--- MATERIAL SHOWN ---
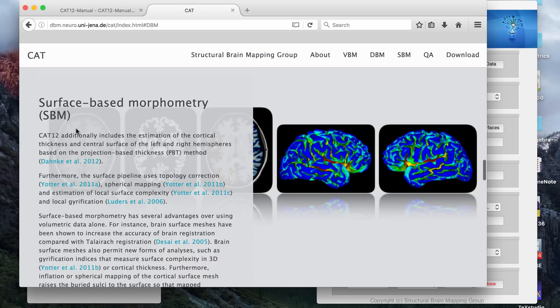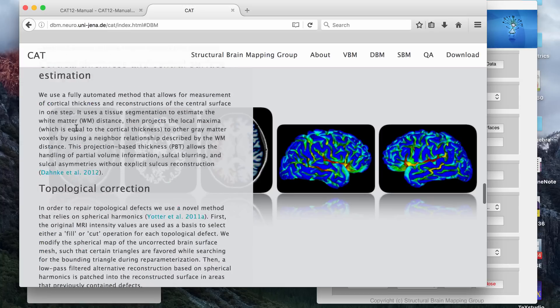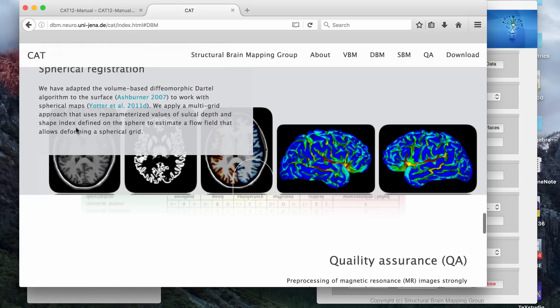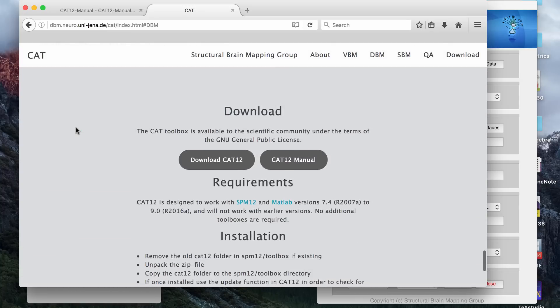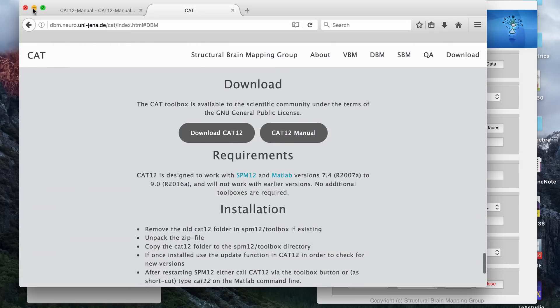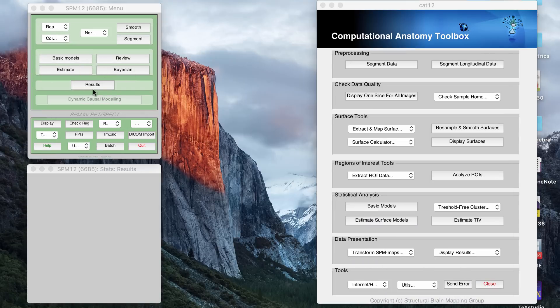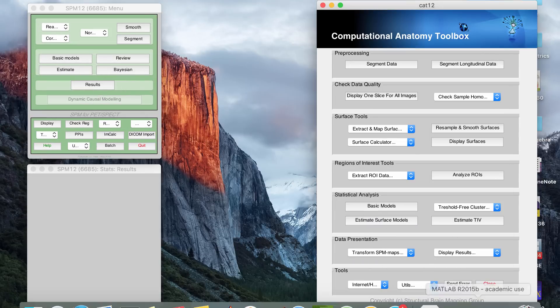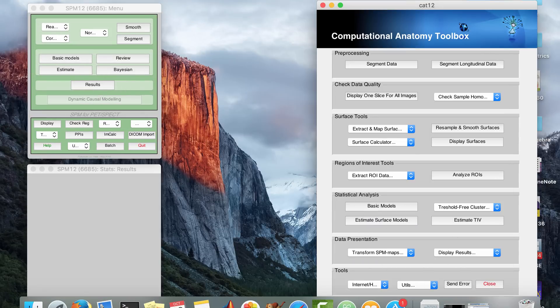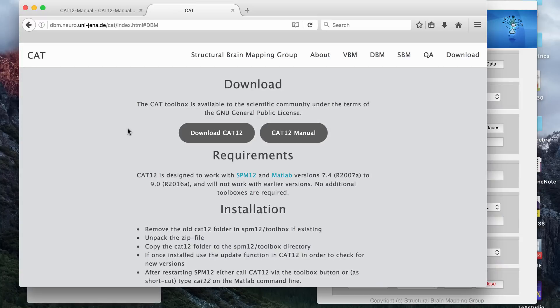And you can also do something called SBM, all using the same program. It makes it really simple, because I think even SPM has its own way of doing VBM, but I like using the CAT 12 method better because I think it makes it even easier.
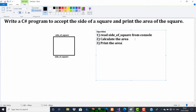So the question is: we have to accept the side of a square and print the area of the square. The steps involved are: first read the side of the square, then calculate the area, and print the area. The area of a square is A equals A squared — but in programming we cannot do A squared, we do A into A.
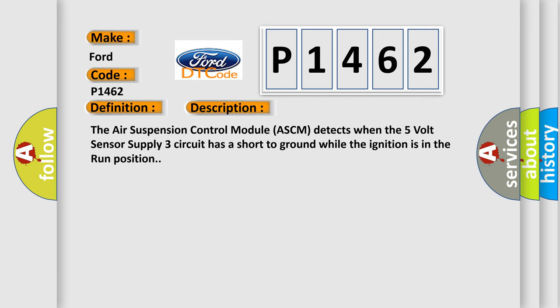The air suspension control module ASCM detects when the 5V sensor supply 3 circuit has a short to ground while the ignition is in the run position.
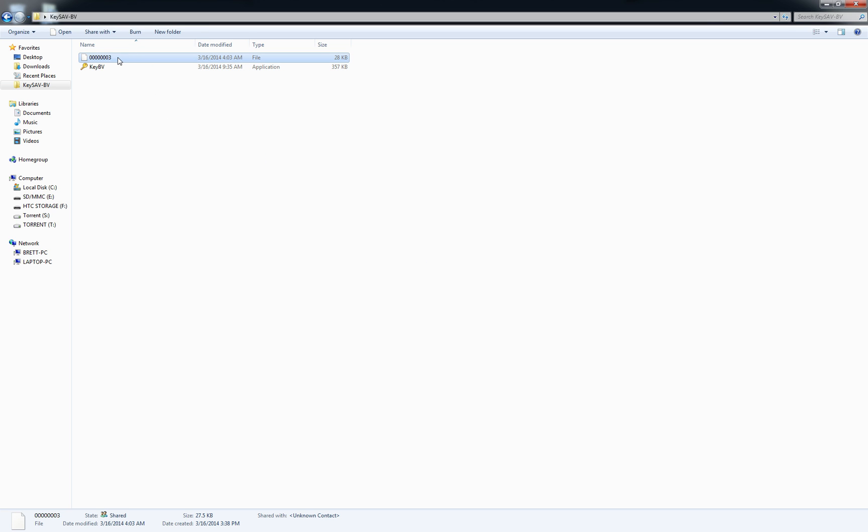Just copy and paste it out. You'll want to rename this to be like dash one on the end so you know it's the first video. Then just pop out your SD card and put it back in your DS.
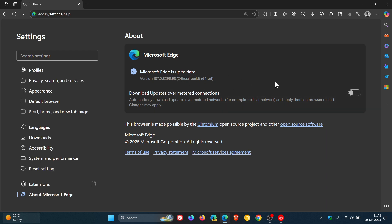So if you are using Edge after the update has been applied, version in bold: 137.0.3296.93.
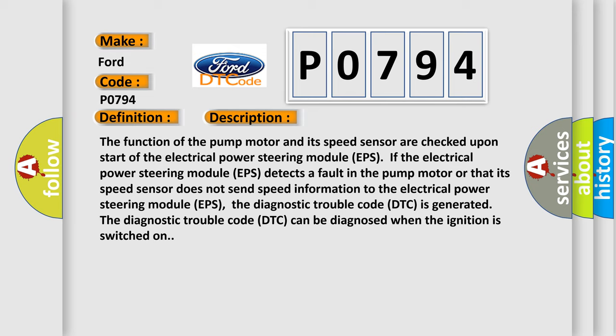the diagnostic trouble code DTC is generated. The diagnostic trouble code DTC can be diagnosed when the ignition is switched on.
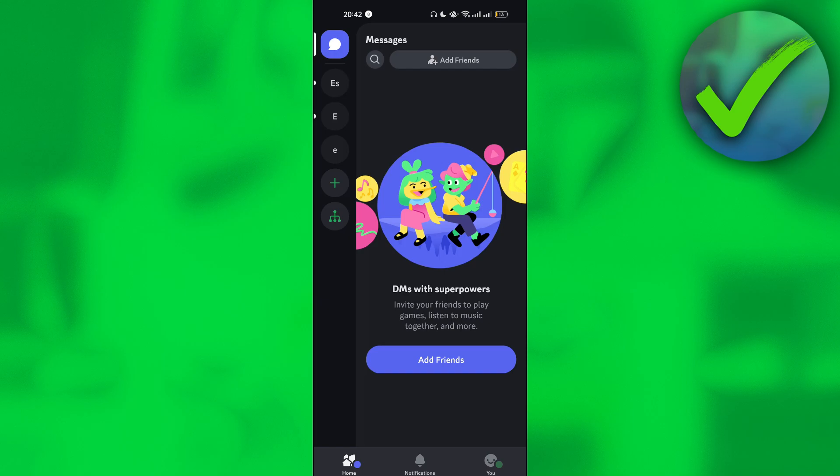The first thing that we need to do is to open our Discord app right here. Once we open our Discord app and you are logged into your account, this is what you will see on your screen.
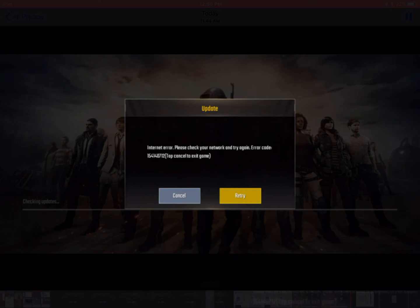We care about this because a VPN changes what the PUBG Mobile servers see by acting as a middleman of sorts, whose job it is to take data from you and then pass it on to the PUBG Mobile servers. Without a VPN, you're sending data directly to the PUBG Mobile servers and receiving data back from them, except this isn't working correctly because you're getting a network error. With a VPN enabled, you send data to the VPN server, which works, and then the VPN server sends data to the PUBG Mobile servers, which also works, and then the reverse happens to get data back from the servers.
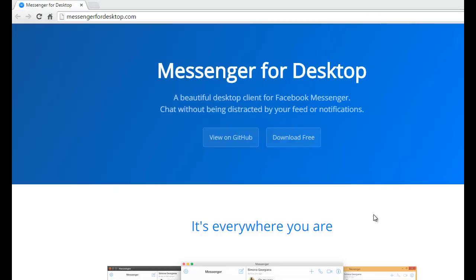This is very handy. For downloading this software, you can go to the internet and type messenger for desktop.com.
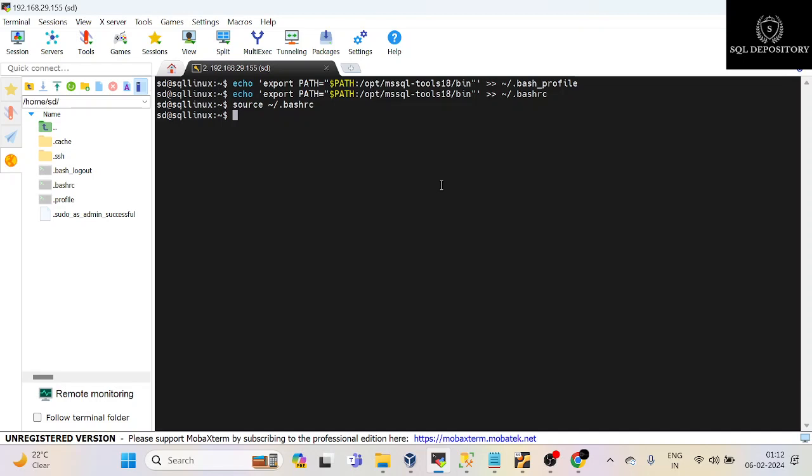Let me type SQL CMD. The server name is localhost—you can give the IP if you want. The username is SA. I'm not going to give the password here; it will ask for the password. So it is now asking for the password, so I'll go ahead and provide the password.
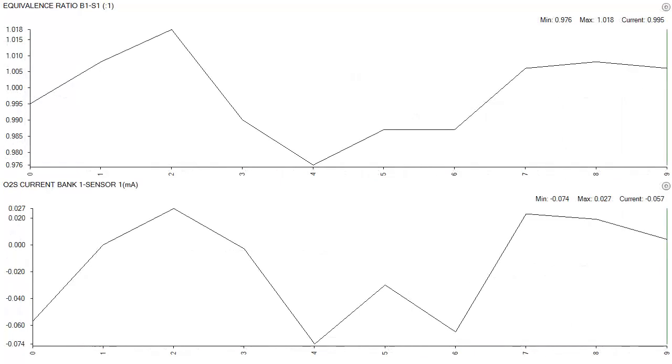Scan data for a GDI engine that's bracketing stoichiometric mixture offers new parameters. Equivalence ratio can be considered lambda.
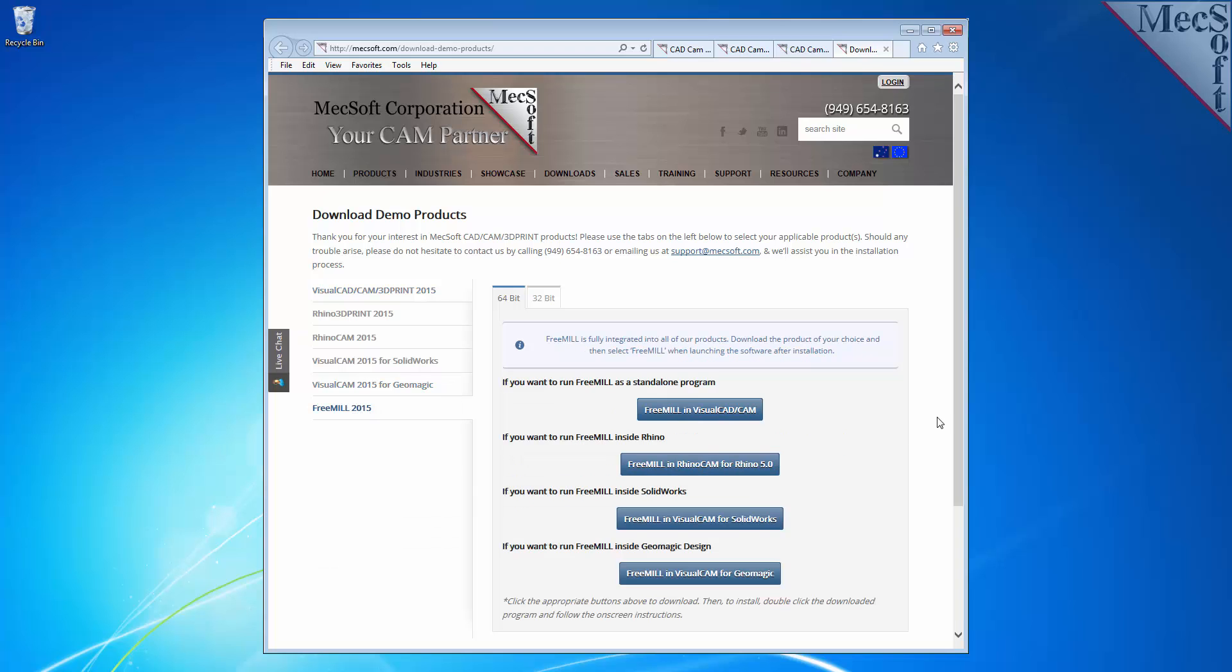Next, you need to choose whether you want the 64-bit or the 32-bit version. This selection must match the system architecture of your computer. For this demonstration, we will select the 64-bit version.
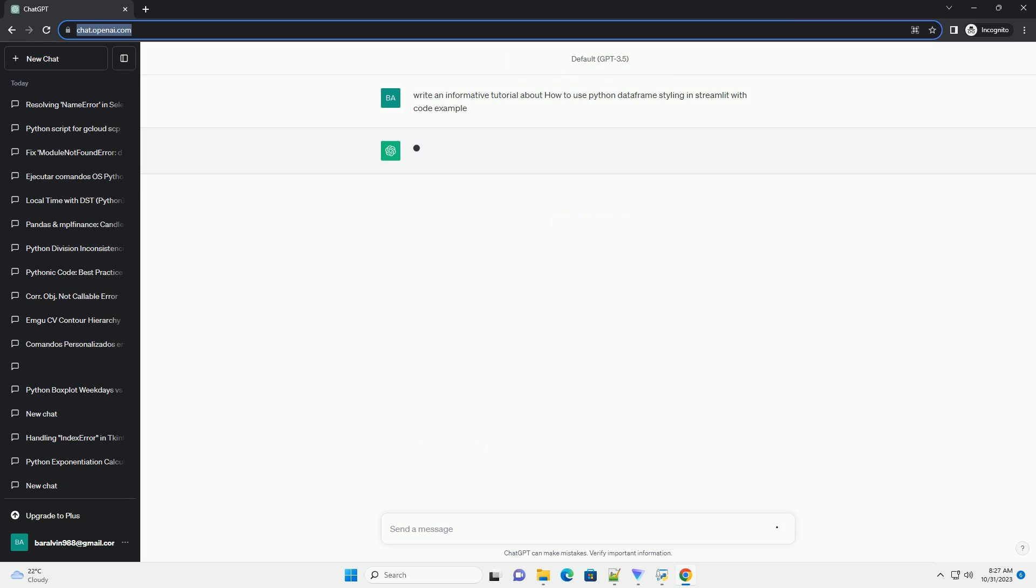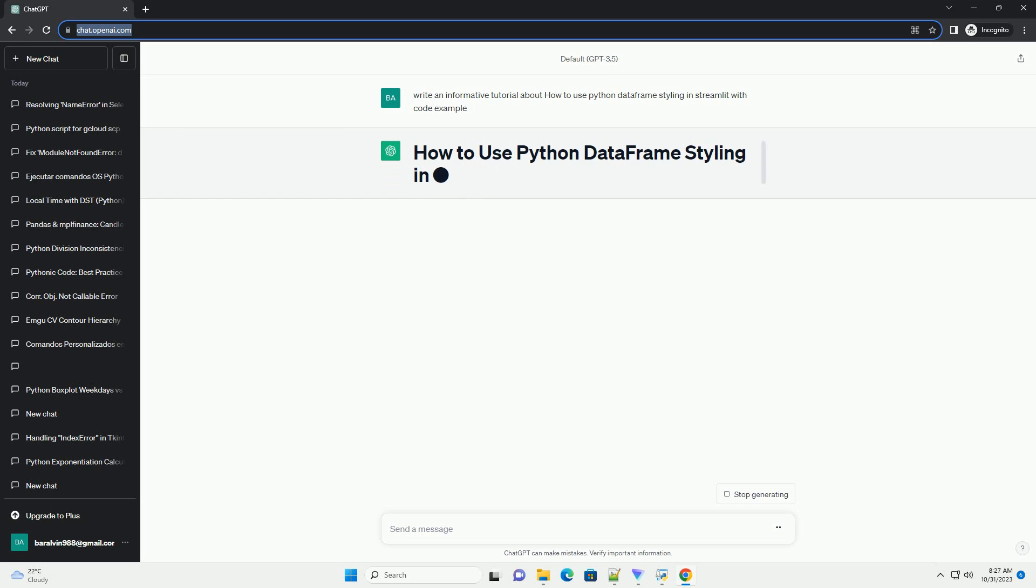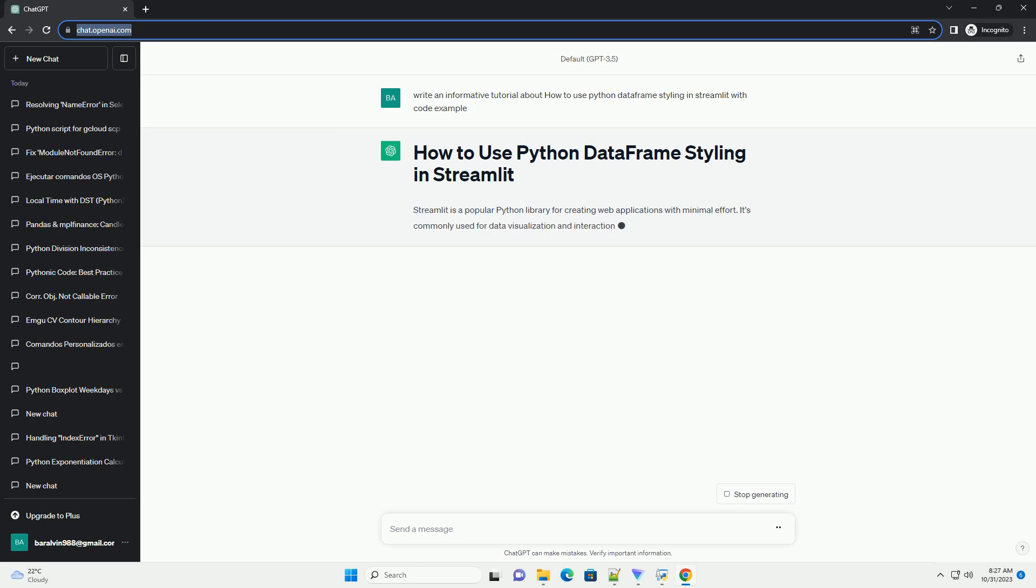One common task when building data-centric web applications is displaying data in an appealing and informative way. In this tutorial, we'll learn how to use Python DataFrame styling in Streamlit to make our data tables look more attractive and informative.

--- PROBLEM TO WORK ON ---
Above are some entries. Restate word for word the lines from the one holding "The air suspension" through the one holding "Just copy and", but not the pictures.

--- RESULT FOR THIS EXERCISE ---
The air suspension control module ASCM detects when the 5V sensor supply 3 circuit has a short to ground while the ignition is in the run position.
Just copy and paste it out. You'll want to rename this to be like dash one on the end so you know it's the first video. Then just pop out your SD card and put it back in your DS.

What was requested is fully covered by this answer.